So I’m collaborating with some folks from Bulgaria who are sending me their fMRI scans. Not the sharpest T1s, but good enough at least for manual landmarking for co-localization. however, when I try to do my usual manual alignment and co-registration (to nudge the structural to match the task time series image in space), the structural data suddenly become horribly mis-aligned and truncated. See pics of native structural as underlay, then again as overlay. What happened and what could be done about this?
Thanks
-Jim
P.S. I can upload the two respective files if someone can steer me to the upload URL
Also, in what I suspect is a related bug, when I simply try to @auto_tlrc warp the native structural brain to a skull-stripped version in MNI space, I get a warning that “dataset centers are 63 mm apart.” Truth be told, I’ve been getting massive mis-matches like that between structural and functional scans even in my own collected data that I overwhelm with -ginormous_move in auto-aligning steps. Is there some weird setenv setting that makes my AFNI think that my structural scans are centered somewhere weird?
I will send you a link to upload an example EPI-anat pair and I can take a look. Typically, we want to estimate the alignment as part of the FMRI processing pipeline, and then have this alignment be concatenated with any other alignment steps (going to standard space, motion correction, phase distortion correction, etc.)—afni_proc.py is very good and very convenient for this.
Picking the cost function appropriate for EPI-anat alignment is also key–typically lpc+ZZ is what we start with for standard EPI and T1w anats.
All alignment is helped by starting “close to” a good solution. If EPI and anatomical dsets are connected in the same session, then their coordinates should be similar and overlap should be good. Having good/reasonable coordinates is always a plus for many steps in alignment. If there is obliquity in either acquisition, they might appear further away from each on in the GUI than their header information actually knows where they should be.

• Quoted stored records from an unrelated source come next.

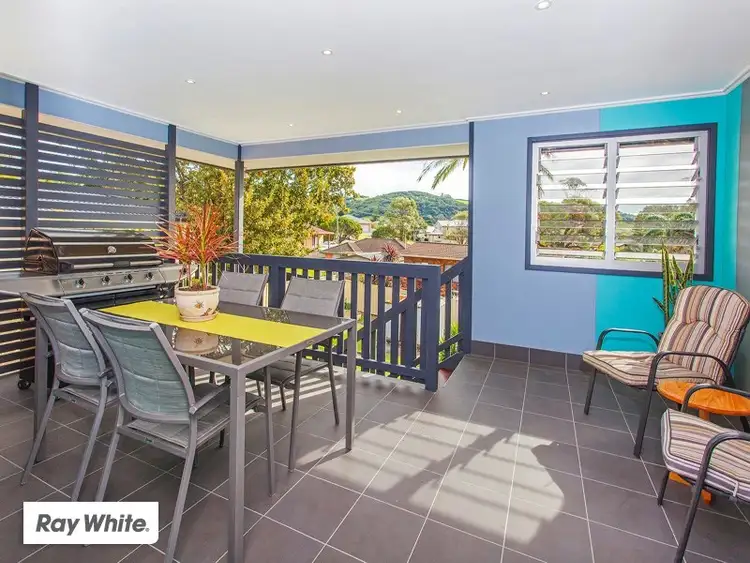 Third view of Homely house listing, 33 Attunga Avenue, Kiama Heights NSW 2533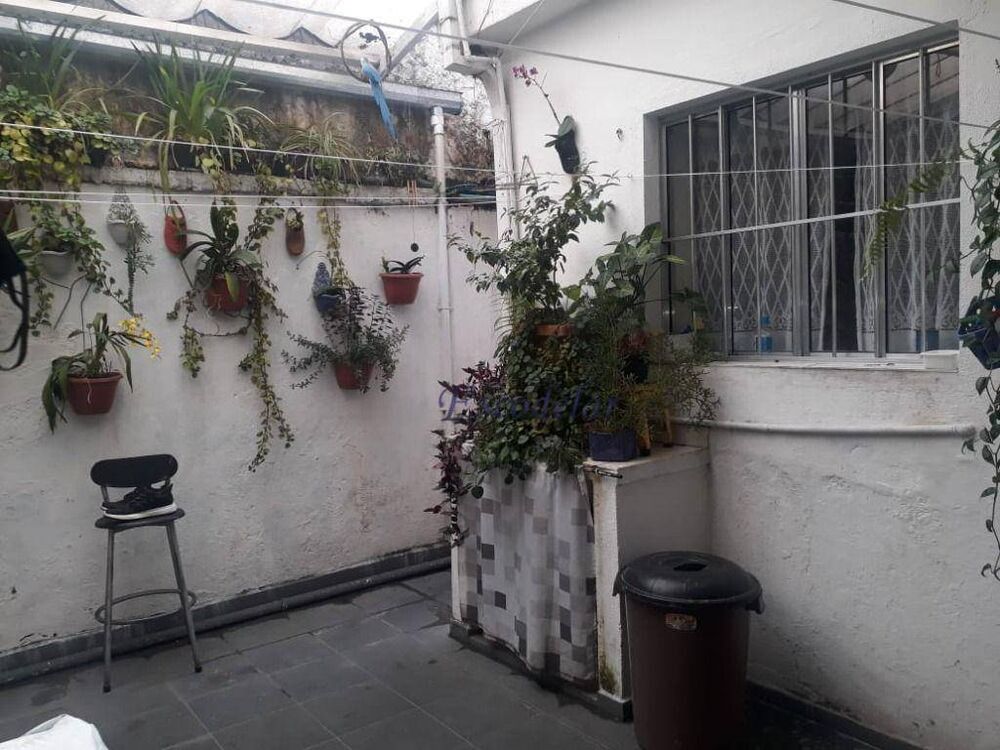 Sobrado, 5 quartos, 170 m² - Foto 12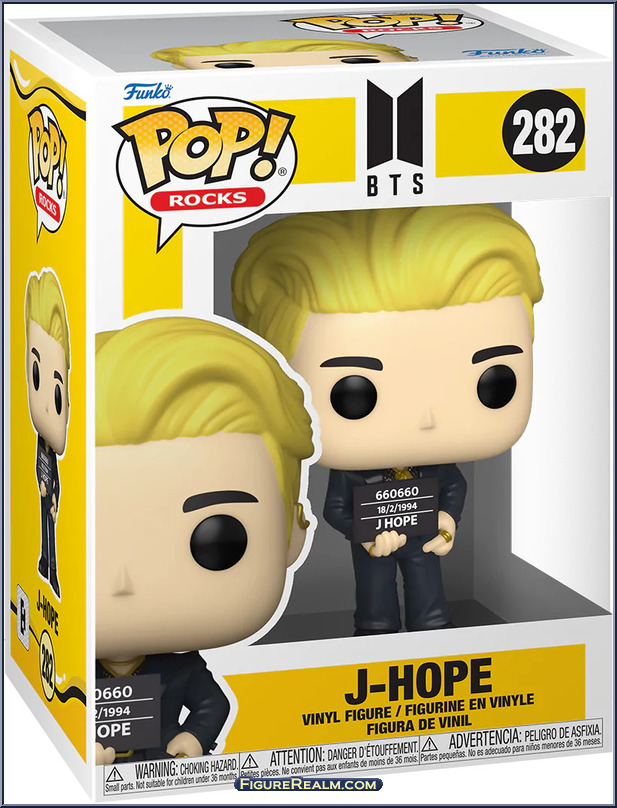 j hope funko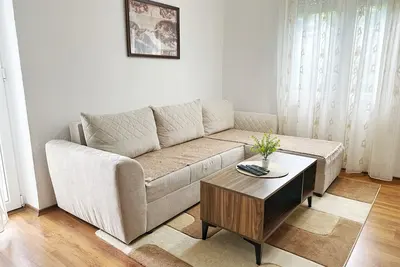 Image de Chopin Residence 6 - Cozy stay near Skopje center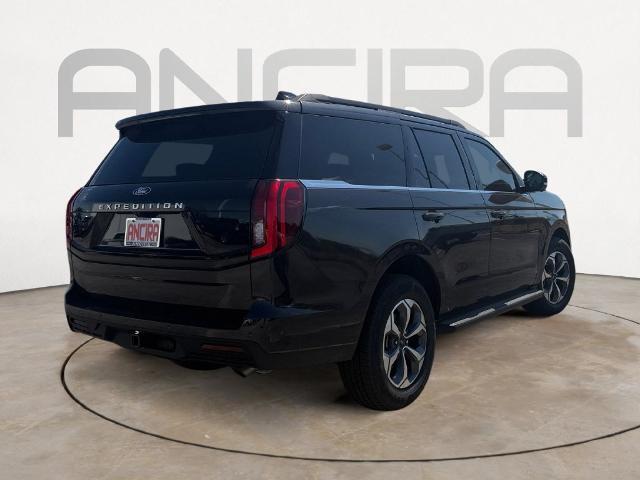2027 Ford Expedition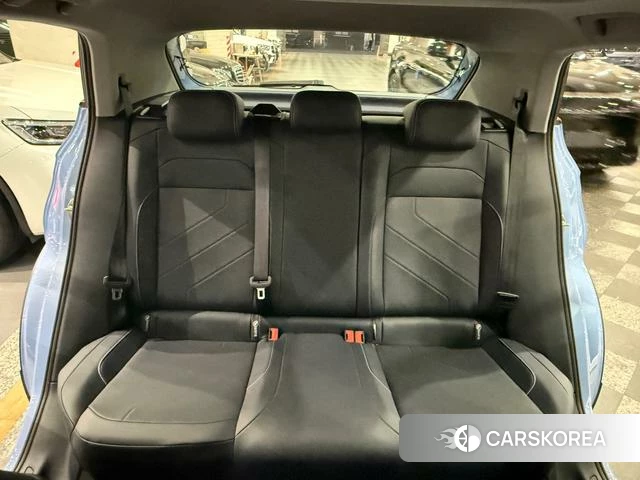 Volkswagen Tuyue id 4209953 из Китая 11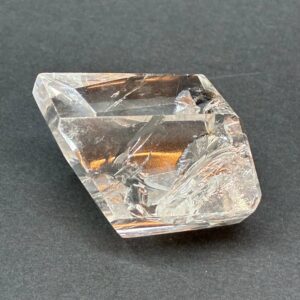 Bjergkrystal Kantet Freeform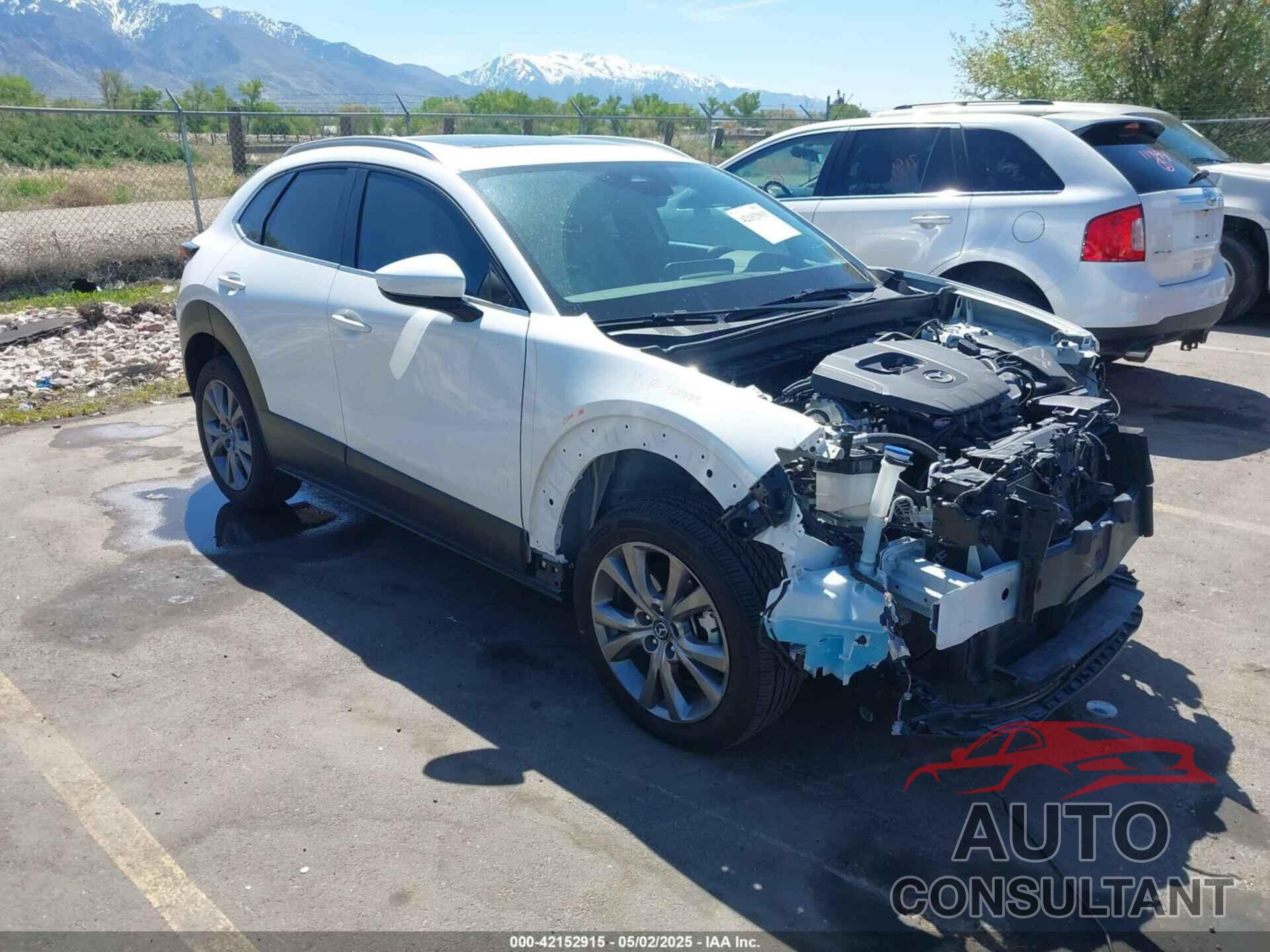 MAZDA CX-30 2024 - 3MVDMBDM8RM633580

Also, we typically skullstrip the anatomical before alignment—note here how the EPI and anat have very different features, such as the latter having a bright skull, a face, a neck, etc. We don’t want those extraneous bits of non-brain to affect things. We typically include an @SSwarper command prior to running afni_proc.py, and hand over those results to be incorporated in the processing.
In addition to Paul’s useful comments, it sounds like you might want to run @Align_Centers on all of the datasets (maybe align to that of your template).
Having centers far from 0,0,0, or far apart between anat and EPI, is often problematic.
So both scans were in the same space/session, so alignment should have started from a good place. Interestingly, the SAME image file becomes misaligned in this case only in the CONTEXT of being overlaid atop another image in AFNI viewer space. I am uploading the source images to get to Paul for an examination.
In general, for years, despite always collecting my T1 structural in the same session and head positioning as task-fMRI when I do align_py kinds of coregistration steps, AFNI keeps giving me errors that the centers of the respective images are always 4-5 cm different in space, which simply can’t be. I wonder if there’s some positioning information being transmitted by our Philips scanner that is telling AFNI one of the scans is a different FOV or something…
If so, consider running “3drefit -oblique_recenter” on the (maybe copied, to try it out) datasets.